I have an issue with how clearml logs checkpoints.
We have a training setup with pytorch-lightning + clearml, where we use lightning.pytorch.ModelCheckpoint
for model checkpointing. Now, I would like to use clearml.OutputModel
s for storing the model configuration and weights, but when I'm just using the ModelCheckpoint callback with top_k=1 (saving the best checkpoint, but with varying filenames) lightning figures out to remove the old checkpoint (say epoch_001.ckpt
) and store the new one ( epoch_002.ckpt
) instead.
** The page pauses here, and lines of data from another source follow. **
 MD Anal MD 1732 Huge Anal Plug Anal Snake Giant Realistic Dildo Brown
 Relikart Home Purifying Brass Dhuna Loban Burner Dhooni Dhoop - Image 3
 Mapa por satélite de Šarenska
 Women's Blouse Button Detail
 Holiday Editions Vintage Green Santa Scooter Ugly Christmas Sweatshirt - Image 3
In ClearML, these two checkpoints show up as separate OutputModels and our fileserver gets overloaded.
I have written this simple extension of ModelCheckpoint
that supports the single-checkpoint case, but I would rather it be something built into ClearML. Custom code is cool, but creates friction when you have to override lots of hidden functions
from lightning import LightningModule, Trainer
from lightning.pytorch.callbacks import ModelCheckpoint
from clearml import Task, OutputModel
class ClearMLModelCheckpoint(ModelCheckpoint):
"""
Callback that extends the functionality of the `ModelCheckpoint` callback
for saving the best model during training using ClearML.
Args:
The same as `ModelCheckpoint`.
Notes:
- Currently only supports saving a single model.
"""
def on_train_start(self, trainer: Trainer, pl_module: LightningModule) -> None:
super().on_train_start(trainer, pl_module)
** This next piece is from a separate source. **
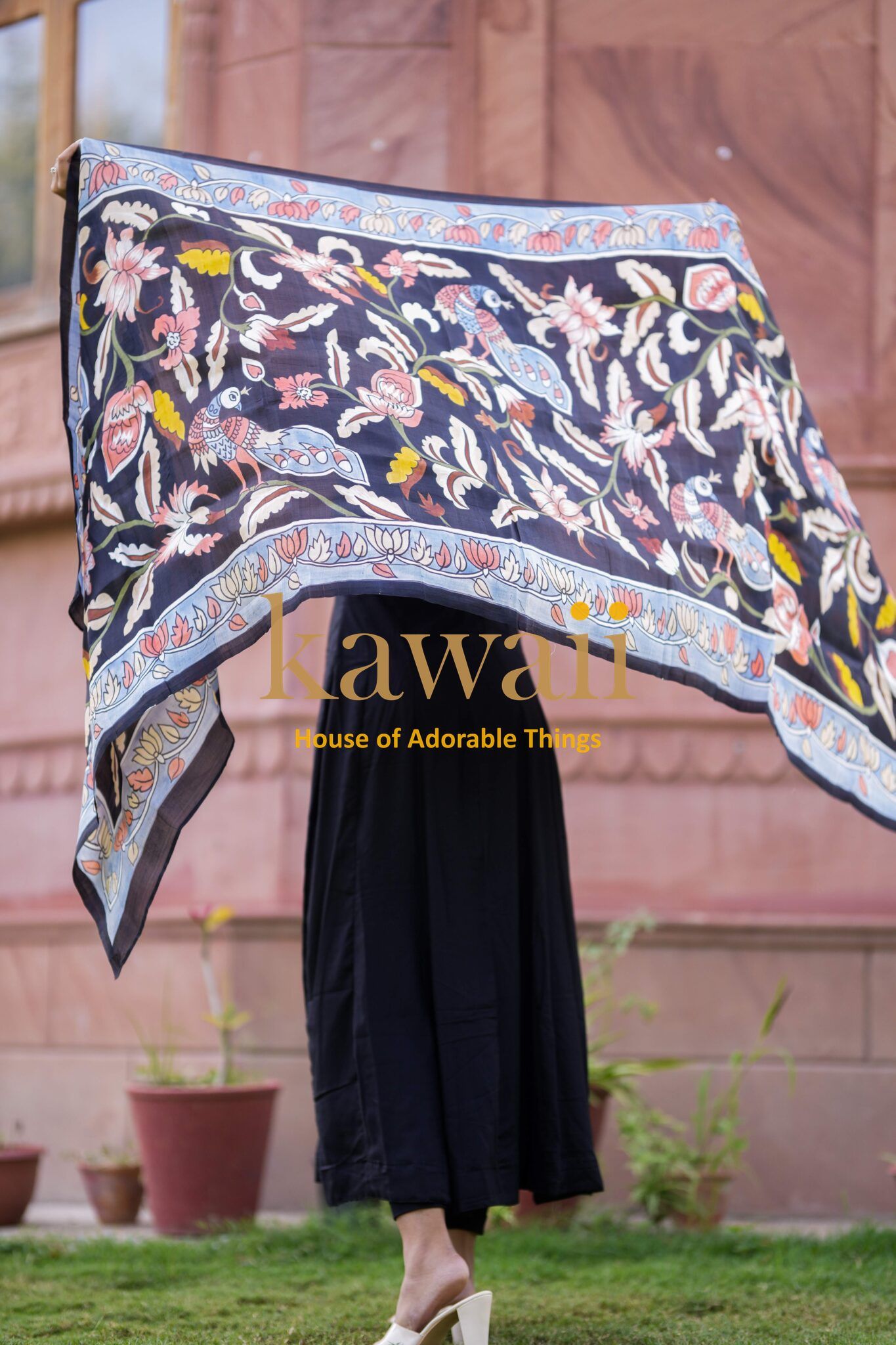 Manohar Kalamkari Dupatta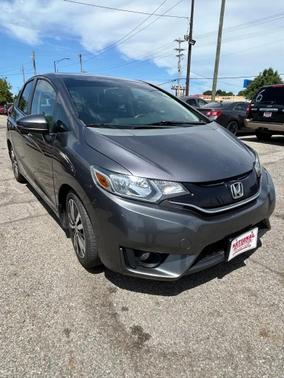 Modern Steel Metallic 2015 Honda Fit EX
task: Task = Task.current_task()
model_config = task.artifacts["configuration"].get()["model"]
self.output_model = OutputModel(task, config_dict=model_config)
def _save_checkpoint(self, trainer: Trainer, filepath: str) -> None:
super()._save_checkpoint(trainer, filepath)
self.output_model.update_weights(filepath)
Has anyone been working on something similar? Found a good solution for model checkpointing that doesn't include a parallel implementation of ModelCheckpoint
?